In Hessen, Thüringen, Rheinland-Pfalz und Niedersachsen wurde ohne viel Aufhebens die Präventiv-polizeiliche Telekommunikationsüberwachung eingeführt. Hier genügt schon, dass ein mutmaßlicher Terrorist in der Nachbarschaft eines braven Bürgers wohnt um auch dessen Lebensumfeld und Freunde zu durchleuchten. Macht nichts, man hat ja nichts zu verbergen, denkt man.
Doch Klick für Klick verschieben sich mit den gesammelten Informationen auch politische Gewichte. Meinungsfreiheit wird zum Spießrutenlauf.

1949 stellte George Orwell in seinem Buch 1984 die Utopie eines totalitären Überwachungs- und Präventionsstaates vor. Big Brother galt einmal als Horrorvorstellung, unvereinbar mit Demokratie und freiheitlichem Denken.
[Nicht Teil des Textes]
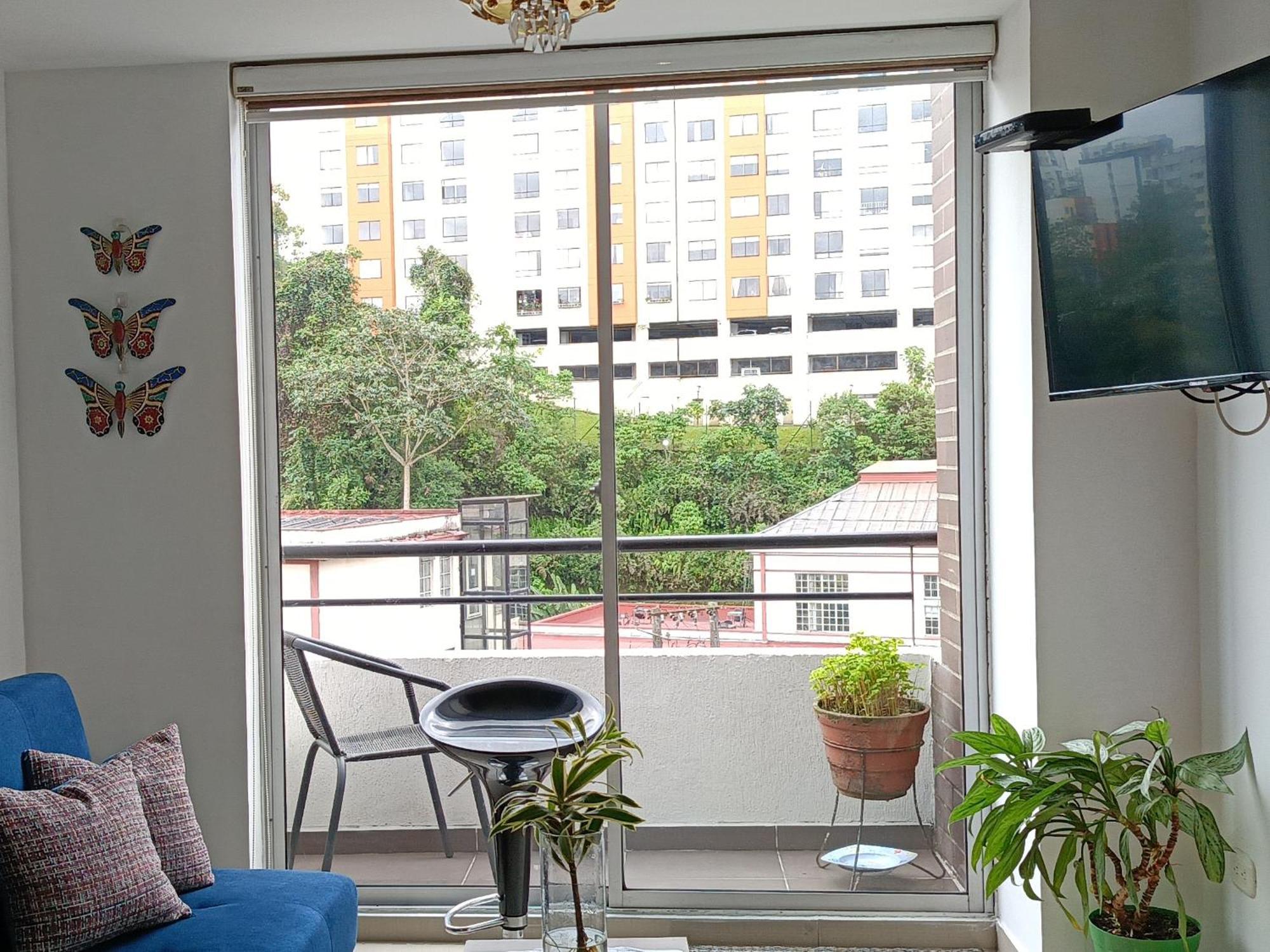 Balcon Centrico Con Vistas Y Magicos Atardeceres Apartment *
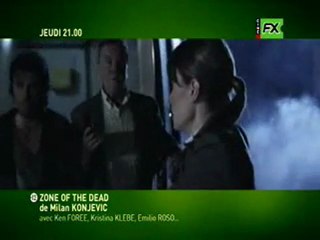 Zone of the dead - Bande annonce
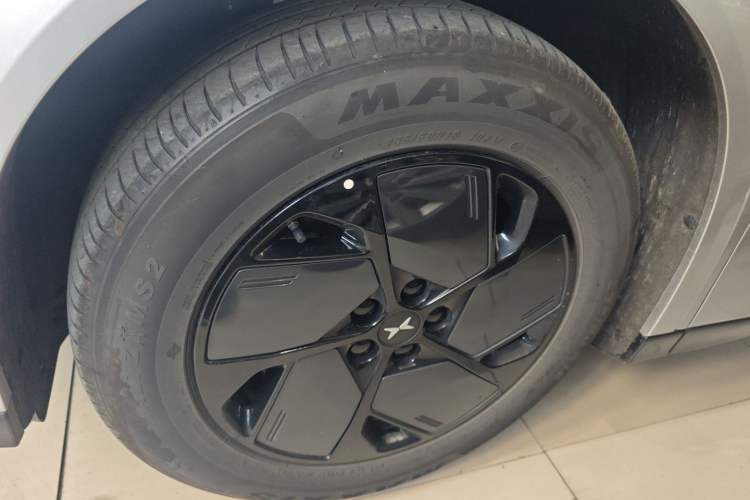 Used XPeng G6 2025 625 Long-Range Max Flagship Edition
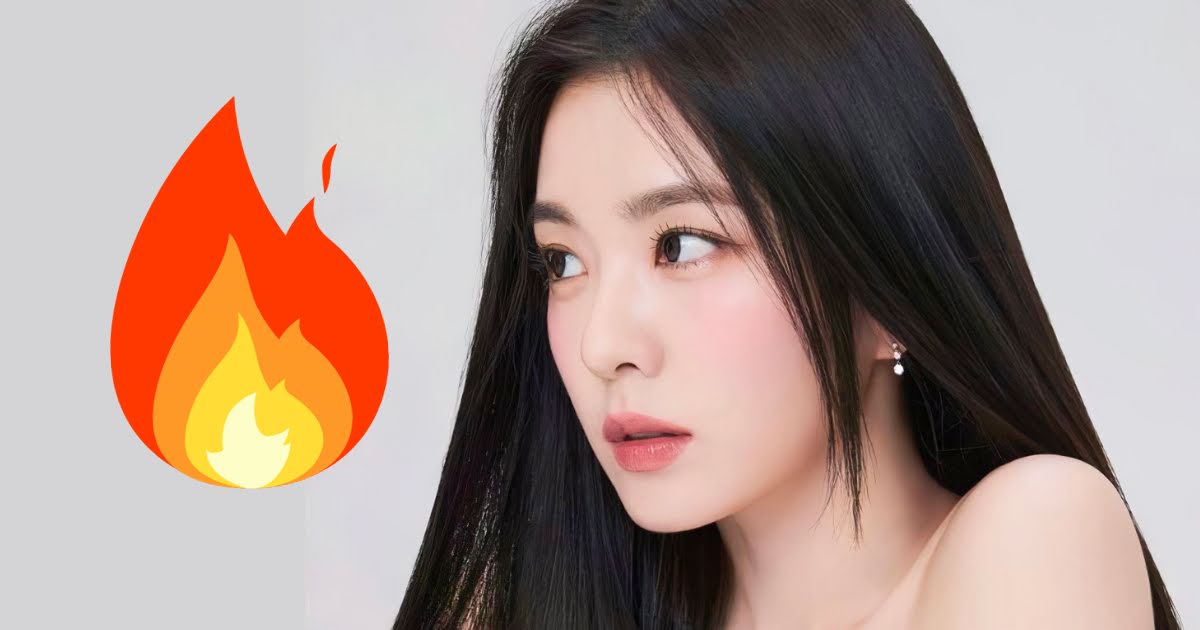 Red Velvet’s Irene Proves She’s Still An “It Girl” With Record Breaking Magazine Sales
Hoffentlich wird das Erwachen nicht zu entsetzlich!

Hinweis: Du kannst diesen Text leider nicht kommentieren, da der Verfasser keine Kommentare von nicht angemeldeten Nutzern erlaubt.

Kommentare zu diesem Teamkolumnenbeitrag


 AndreasG (26.06.07)
Bei diesem Thema bin ich sehr zerrissen, denn der unnützen Sammelwut von persönlichen Informationen (unnütz, weil niemand die riesigen Datenmengen überblicken kann) steht der genauso seltsame Trieb der völligen Abschottung gegenüber. Zwei Extreme, die ich nicht nachvollziehen kann - und die ich gefährlich finde. Besonders der Umgang mit den elektronischen Möglichkeiten ist in beiden Extremen unerträglich: völlige Durchleuchtung gegen völlige Anonymität. - Wichtig wäre es, dass eine starke Datenschutzstelle einer solchen Sammelstelle gegenüber steht und ihr auf die Finger klopfen kann. Aber dafür ist natürlich kein Geld da ... genauso wenig Wert wird auf eine unbedenkliche Auswertung gelegt oder überhaupt auf eine sachliche Auswertung. Das Motiv hinter der Sammelwut ist also zweifelhafter als das Sammeln selber. Sicherheit? Menschenleben? - Quatsch. Als wenn es darum ginge! - ... - Liebe Grüße, Andreas

 AlmaMarieSchneider (26.06.07)
Das Problem ist die staatliche Lenkung und dahinter steht schon lange nicht mehr das Volk, eher einzelne Interessengruppen.
Anhand des Urteils von 1983 und der 2007 praktizierten Realität wird die ursprüngliche Gewaltenteilung zur Farce.
Wer sollte vor Datenmißbrauch schützen. Da gibt es niemand.
Vermute, daß eher eines Tages die Mißbraucher geschützt werden.